_Problem to work on_
Please reproduce, exactly as given, the lines running from the start of the data to the line containing "They do command", inclusive, and omit the pictures.

Start of Source data

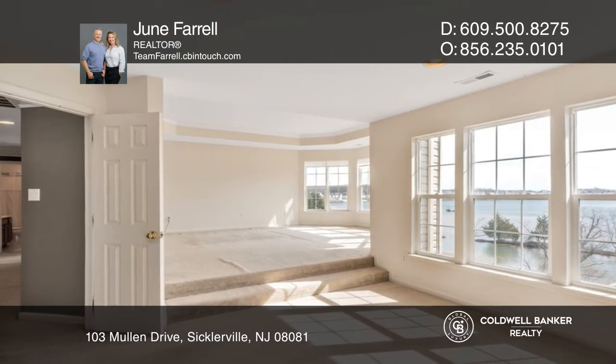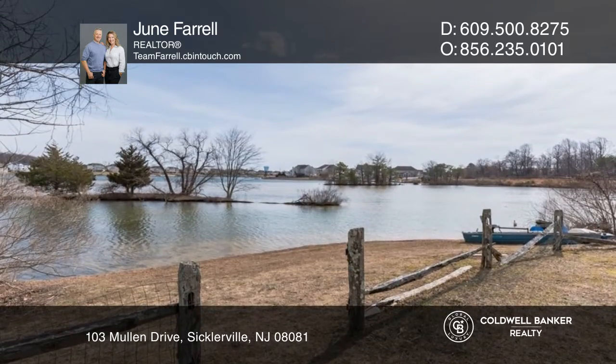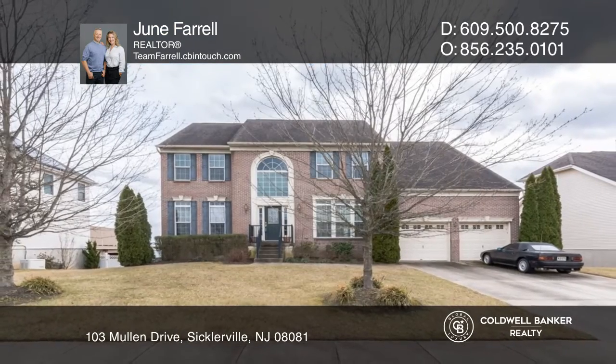Enjoy three spacious bedrooms and a primary suite upstairs and a walk-out basement. To see it yourself, schedule a tour with June Farrell.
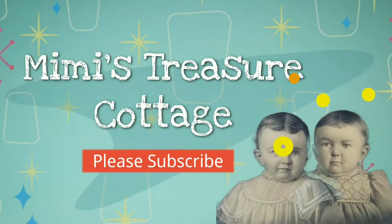They do command a pretty penny, so that's why I grabbed it up. And guess how much I paid for it? 50 cents! Hey everyone, it's Cindy with Mimi's Treasure Cottage. I'm in Cincinnati today at the Ohio Valley Antique Mall. It's huge!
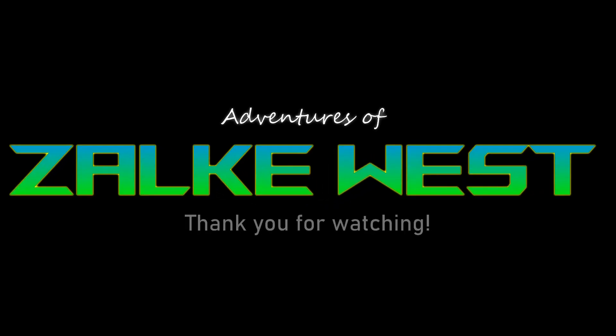Thank you for watching. See you on my next episode. If you like these videos, please subscribe to my channel. See you soon.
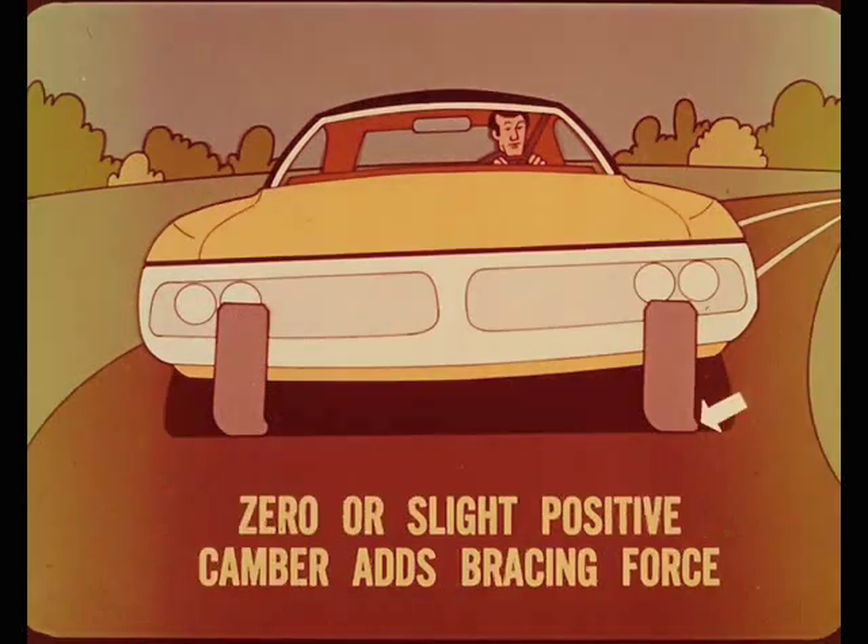At the same time, the zero, or slight positive camber at the inside wheel also adds a bracing force to that of the outside wheel. The tire tread contact is distributed as evenly as possible, but the weight load on the inside wheel is less. And the same stabilizing action helps to counteract road crown drift.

End of Source data

_Exercise answer_
Enjoy three spacious bedrooms and a primary suite upstairs and a walk-out basement. To see it yourself, schedule a tour with June Farrell.
They do command a pretty penny, so that's why I grabbed it up. And guess how much I paid for it? 50 cents! Hey everyone, it's Cindy with Mimi's Treasure Cottage. I'm in Cincinnati today at the Ohio Valley Antique Mall. It's huge!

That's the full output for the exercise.